I saw this note in today’s Espresso from The Economist, “France’s finance minister pledged to save jobs under threat at General Electric’s plant in the country’s north-east. The American industrial conglomerate, which made a loss of $23bn last year, had said it would cut around 1,000 jobs. Earlier this year GE paid France a €50m ($56m) fine for failing to create jobs after it took over Alstom’s energy business.”

Meanwhile in the US, officials are taking a second look at the results of Foxconn’s supposed multi-billion dollar investments. Politicians made great PR hay in 2017 with the announcement of a large investment in Wisconsin. Two years down the road, maybe the investment may not be so large and the employment a few thousand shy.

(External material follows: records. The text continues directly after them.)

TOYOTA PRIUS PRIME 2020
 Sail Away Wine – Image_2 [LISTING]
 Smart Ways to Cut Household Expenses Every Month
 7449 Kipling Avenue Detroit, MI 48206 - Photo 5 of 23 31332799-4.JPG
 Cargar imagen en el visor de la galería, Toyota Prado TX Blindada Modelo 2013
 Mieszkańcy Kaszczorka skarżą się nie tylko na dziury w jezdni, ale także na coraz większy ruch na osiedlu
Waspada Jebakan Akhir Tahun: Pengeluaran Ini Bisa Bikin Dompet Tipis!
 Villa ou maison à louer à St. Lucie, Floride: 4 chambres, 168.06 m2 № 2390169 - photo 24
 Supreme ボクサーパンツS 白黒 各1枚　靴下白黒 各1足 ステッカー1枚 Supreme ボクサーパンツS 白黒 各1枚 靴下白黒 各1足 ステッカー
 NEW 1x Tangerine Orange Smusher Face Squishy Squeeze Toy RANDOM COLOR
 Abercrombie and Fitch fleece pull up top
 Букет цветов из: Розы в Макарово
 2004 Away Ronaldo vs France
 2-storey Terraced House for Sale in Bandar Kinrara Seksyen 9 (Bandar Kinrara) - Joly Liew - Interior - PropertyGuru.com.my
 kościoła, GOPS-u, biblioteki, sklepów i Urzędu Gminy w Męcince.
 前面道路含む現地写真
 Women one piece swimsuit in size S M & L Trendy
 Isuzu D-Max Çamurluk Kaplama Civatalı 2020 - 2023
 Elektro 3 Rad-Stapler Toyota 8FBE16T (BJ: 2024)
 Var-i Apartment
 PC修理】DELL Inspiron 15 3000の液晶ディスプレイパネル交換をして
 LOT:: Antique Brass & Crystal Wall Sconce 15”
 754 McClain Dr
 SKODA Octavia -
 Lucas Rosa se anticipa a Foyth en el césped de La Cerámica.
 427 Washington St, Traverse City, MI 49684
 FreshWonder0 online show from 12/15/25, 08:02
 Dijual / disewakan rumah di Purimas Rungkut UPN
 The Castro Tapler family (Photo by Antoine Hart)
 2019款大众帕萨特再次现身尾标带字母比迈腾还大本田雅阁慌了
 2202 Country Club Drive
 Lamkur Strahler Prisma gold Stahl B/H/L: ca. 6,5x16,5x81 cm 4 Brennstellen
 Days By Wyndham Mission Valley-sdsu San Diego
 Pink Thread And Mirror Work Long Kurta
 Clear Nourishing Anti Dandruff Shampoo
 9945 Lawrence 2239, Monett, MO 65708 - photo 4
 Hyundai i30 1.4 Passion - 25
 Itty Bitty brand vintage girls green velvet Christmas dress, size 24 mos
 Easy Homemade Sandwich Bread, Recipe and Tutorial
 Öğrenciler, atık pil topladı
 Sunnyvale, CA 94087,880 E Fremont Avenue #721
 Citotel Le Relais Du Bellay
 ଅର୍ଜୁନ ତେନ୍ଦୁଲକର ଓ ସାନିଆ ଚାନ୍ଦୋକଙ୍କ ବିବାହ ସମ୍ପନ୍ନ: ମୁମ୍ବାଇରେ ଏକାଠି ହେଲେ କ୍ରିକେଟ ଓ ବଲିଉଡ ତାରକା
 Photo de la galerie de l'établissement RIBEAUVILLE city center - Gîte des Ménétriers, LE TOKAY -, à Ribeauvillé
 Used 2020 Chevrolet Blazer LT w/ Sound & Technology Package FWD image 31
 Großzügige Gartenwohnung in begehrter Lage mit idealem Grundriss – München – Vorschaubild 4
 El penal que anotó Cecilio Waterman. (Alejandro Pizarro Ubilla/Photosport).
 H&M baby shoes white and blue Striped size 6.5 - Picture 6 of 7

Governments can preach and give breaks and whatever, but market forces and bad management mean much more than governments for success. Take Alstom, for example. Perhaps there is French pride involved, but GE discovered that that particular acquisition was not all that it hoped for. One of a string of GE missteps. The French government can fine all it wants, but job creation depends upon good management and proper economic tailwinds.

I recently reported on the “success” of re-shoring manufacturing jobs, as the Reshoring Initiative would have it. Most likely it’s a result of financial analysts taking a closer look at supposed savings from only low wages discovering that other costs, such as logistics, insurance, loss of intellectual property, longer lead times, inability to quickly respond to changing markets all combined to make manufacturing offshore unappealing.

Most of the ills of manufacturing society I read about have a common root cause—less than competent management. I don’t see any quick fixes for that! And it won’t come from government fines generated by disappointment at lack of political gain.